Sunday, January 4, 2009

NPR Sunday Puzzle, Sun, Jan 04, 2009

Listening to the NPR Sunday Puzzle was part of the routine my wife Magdalen had with her first husband, Hub 1.0. We keep up the tradition, though until this year I was too scared to enter: what if they called me up and the questions were about state insects or college netball teams? - I would look so foolish as that's the sort of thing Every American Knows.

As it happened, Hub 1.0 was around for last week's poser:
Take the phrase "counting down the days." Remove four letters, and rearrange the remaining letters to spell an appropriate number. What is it?
He announced the the answer as two thousand nine before I even had a chance to think about it.

Again there was a home advantage, as in the UK we'd say two thousand and nine. Americans seem to have greater economy of speech as well as spelling. Perhaps this accounts for their economic prowess? If so what went wrong last year?

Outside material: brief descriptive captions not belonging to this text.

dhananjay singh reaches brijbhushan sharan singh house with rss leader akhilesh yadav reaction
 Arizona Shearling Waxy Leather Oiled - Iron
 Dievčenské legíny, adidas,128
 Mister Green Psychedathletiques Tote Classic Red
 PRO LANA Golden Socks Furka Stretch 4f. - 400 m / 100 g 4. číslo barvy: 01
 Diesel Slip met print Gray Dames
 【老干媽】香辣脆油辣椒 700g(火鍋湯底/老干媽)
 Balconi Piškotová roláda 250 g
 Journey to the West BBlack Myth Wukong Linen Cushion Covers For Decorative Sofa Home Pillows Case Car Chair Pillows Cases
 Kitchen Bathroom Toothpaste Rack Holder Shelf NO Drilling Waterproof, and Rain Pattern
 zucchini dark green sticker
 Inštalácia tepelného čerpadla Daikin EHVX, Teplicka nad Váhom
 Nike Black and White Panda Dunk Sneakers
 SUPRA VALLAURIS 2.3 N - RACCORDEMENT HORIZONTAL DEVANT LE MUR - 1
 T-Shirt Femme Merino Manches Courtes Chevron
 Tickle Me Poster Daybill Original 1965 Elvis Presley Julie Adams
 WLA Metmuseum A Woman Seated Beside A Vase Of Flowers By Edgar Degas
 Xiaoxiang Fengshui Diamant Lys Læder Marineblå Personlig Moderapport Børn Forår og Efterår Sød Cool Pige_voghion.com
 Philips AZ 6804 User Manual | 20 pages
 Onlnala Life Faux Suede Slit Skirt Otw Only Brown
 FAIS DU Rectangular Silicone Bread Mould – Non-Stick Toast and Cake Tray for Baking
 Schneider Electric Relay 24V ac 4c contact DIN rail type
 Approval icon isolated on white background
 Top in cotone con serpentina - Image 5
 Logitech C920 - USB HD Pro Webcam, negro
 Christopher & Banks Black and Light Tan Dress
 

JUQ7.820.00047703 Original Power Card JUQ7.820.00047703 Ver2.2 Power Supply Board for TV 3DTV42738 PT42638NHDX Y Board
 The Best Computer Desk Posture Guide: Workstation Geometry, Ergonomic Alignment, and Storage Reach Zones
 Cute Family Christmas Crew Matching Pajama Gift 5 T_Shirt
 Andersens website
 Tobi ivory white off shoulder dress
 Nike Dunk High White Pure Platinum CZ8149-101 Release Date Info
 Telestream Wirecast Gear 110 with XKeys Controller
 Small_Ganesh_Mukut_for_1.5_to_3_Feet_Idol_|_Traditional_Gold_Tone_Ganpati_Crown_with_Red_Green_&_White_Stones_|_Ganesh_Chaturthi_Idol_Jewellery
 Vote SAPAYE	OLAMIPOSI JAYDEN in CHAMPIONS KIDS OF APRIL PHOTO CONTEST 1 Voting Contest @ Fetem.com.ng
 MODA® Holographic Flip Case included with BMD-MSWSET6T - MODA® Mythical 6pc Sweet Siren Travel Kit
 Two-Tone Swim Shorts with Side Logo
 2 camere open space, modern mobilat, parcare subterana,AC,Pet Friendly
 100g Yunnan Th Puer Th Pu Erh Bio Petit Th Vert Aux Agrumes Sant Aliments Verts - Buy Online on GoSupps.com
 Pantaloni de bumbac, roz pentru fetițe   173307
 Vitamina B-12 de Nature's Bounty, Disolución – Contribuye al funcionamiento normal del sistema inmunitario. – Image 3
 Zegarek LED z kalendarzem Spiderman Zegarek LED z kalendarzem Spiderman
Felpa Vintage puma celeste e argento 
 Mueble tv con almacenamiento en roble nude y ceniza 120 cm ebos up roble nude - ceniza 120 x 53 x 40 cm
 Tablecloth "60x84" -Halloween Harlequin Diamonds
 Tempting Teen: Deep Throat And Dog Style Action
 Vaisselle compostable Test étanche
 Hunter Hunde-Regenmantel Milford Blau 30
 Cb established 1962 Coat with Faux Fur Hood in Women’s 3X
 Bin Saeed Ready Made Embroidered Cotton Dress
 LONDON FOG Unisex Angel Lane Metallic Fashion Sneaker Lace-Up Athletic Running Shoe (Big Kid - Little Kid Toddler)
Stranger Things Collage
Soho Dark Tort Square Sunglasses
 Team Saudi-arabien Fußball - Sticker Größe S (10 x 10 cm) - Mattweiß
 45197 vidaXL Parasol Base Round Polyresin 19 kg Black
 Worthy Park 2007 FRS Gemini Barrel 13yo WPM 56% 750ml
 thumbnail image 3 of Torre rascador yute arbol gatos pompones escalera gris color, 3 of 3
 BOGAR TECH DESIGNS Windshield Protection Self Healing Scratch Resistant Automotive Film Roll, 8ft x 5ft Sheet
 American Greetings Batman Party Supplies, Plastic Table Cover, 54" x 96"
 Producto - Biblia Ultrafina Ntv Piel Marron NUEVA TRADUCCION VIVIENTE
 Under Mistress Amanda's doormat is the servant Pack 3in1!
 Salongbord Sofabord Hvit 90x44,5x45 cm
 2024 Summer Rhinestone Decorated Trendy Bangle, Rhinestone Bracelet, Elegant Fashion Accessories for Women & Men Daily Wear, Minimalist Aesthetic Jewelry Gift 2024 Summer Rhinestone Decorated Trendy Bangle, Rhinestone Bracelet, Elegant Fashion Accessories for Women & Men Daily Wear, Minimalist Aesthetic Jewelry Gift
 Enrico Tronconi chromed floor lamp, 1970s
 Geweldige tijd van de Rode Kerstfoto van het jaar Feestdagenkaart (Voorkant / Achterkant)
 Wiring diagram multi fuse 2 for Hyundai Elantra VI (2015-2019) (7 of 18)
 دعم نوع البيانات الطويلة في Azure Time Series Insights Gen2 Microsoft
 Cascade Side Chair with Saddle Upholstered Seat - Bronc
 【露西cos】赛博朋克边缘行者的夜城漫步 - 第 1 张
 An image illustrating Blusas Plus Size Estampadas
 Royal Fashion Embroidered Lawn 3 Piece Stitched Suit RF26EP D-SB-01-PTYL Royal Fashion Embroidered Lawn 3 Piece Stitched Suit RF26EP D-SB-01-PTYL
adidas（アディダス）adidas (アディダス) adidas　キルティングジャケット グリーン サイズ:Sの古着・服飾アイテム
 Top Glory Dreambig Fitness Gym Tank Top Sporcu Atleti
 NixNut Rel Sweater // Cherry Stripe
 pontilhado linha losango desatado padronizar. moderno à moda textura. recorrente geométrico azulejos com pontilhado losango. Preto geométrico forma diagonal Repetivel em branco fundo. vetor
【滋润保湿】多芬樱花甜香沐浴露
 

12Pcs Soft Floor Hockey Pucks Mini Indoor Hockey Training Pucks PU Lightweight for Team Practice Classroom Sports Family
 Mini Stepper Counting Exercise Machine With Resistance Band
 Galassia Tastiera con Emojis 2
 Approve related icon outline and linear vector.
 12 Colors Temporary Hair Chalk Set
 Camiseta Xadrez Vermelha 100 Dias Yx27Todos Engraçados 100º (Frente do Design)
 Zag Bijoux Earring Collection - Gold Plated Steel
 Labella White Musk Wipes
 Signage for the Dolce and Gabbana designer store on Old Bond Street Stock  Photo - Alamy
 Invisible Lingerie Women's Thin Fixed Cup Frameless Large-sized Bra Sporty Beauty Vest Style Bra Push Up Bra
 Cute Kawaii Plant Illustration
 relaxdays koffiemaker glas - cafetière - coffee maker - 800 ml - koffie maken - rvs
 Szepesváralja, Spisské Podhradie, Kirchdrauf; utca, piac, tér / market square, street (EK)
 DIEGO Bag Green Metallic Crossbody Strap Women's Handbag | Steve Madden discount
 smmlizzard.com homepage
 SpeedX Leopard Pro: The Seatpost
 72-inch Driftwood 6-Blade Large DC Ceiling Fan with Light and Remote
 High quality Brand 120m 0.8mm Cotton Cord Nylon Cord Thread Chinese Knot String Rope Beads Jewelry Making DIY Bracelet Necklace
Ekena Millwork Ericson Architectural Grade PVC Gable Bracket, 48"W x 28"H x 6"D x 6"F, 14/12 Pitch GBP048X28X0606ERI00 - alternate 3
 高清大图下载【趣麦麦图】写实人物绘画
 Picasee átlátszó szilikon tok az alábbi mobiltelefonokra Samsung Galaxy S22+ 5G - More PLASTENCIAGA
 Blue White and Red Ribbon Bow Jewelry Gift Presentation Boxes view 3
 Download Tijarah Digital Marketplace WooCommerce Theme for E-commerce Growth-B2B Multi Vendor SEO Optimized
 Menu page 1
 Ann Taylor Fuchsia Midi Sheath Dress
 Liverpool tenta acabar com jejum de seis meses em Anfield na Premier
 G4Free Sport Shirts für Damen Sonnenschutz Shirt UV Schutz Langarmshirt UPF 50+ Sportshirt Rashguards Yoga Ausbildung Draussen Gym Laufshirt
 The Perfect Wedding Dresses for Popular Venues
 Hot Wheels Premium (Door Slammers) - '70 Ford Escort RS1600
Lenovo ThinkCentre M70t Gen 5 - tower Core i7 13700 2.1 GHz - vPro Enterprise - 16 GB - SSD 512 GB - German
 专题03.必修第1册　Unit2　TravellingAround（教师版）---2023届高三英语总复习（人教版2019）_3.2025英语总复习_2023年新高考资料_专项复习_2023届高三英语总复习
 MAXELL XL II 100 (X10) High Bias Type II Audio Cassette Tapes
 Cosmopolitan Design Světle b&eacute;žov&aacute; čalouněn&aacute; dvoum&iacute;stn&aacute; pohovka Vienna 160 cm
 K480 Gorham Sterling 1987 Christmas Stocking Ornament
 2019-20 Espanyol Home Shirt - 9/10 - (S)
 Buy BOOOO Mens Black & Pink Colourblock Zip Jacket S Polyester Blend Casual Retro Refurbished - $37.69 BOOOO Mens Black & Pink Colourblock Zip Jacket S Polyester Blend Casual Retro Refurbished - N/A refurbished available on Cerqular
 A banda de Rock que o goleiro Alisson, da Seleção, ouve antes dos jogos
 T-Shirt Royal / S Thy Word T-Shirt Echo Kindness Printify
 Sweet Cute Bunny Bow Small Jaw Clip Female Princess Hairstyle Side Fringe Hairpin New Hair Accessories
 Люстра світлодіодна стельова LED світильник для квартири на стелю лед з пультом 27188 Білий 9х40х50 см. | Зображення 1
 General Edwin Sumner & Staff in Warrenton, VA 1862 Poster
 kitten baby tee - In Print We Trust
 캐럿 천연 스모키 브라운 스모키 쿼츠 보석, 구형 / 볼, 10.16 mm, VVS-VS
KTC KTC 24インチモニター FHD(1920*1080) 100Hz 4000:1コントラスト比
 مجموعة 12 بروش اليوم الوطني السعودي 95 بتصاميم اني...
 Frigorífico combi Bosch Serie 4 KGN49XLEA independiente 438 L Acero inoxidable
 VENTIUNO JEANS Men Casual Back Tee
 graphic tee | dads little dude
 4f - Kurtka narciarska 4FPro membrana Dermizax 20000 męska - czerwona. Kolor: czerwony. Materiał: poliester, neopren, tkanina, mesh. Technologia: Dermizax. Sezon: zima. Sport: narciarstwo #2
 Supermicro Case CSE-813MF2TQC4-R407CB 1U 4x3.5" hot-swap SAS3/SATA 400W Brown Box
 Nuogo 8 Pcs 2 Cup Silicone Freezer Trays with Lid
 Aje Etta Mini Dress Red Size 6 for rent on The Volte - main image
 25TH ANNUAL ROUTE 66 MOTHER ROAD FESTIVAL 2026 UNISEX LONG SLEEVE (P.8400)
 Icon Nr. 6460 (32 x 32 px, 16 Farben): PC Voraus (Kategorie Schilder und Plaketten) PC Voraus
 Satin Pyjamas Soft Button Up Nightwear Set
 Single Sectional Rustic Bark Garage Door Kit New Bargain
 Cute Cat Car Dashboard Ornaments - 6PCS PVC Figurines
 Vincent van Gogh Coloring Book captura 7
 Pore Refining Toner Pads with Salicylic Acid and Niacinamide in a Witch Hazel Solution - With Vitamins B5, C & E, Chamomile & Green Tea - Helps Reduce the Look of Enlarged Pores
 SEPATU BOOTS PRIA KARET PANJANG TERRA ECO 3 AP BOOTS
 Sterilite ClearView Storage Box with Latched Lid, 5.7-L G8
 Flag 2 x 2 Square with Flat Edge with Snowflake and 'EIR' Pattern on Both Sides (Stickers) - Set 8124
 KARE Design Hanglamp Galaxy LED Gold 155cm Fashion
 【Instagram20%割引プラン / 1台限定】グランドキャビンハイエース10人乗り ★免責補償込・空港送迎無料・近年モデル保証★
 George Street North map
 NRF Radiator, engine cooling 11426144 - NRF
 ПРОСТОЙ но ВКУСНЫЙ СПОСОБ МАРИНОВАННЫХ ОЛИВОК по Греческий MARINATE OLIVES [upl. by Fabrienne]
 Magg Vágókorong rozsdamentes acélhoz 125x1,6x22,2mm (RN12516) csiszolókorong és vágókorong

Our house was originally built (circa 1800) by a guy called Laban Capron who was apparently responsible for the concision in the naming of our township Harford:
Hosea Tiffany suggested Hartford as the name; Laban Capron said strike out the 't', which was immediately agreed to by all.
We didn't have a chance to think about this week's challenge:
Take the last name of a famous actress in 2 syllables and 9 letters. Transpose the syllables and you'll have, phonetically, the word for a common ailment. Who is the person and what is the ailment?
until the morning walk down our road with Mimi. I had the answer after a couple of minutes, but won't reveal it until the deadline has passed.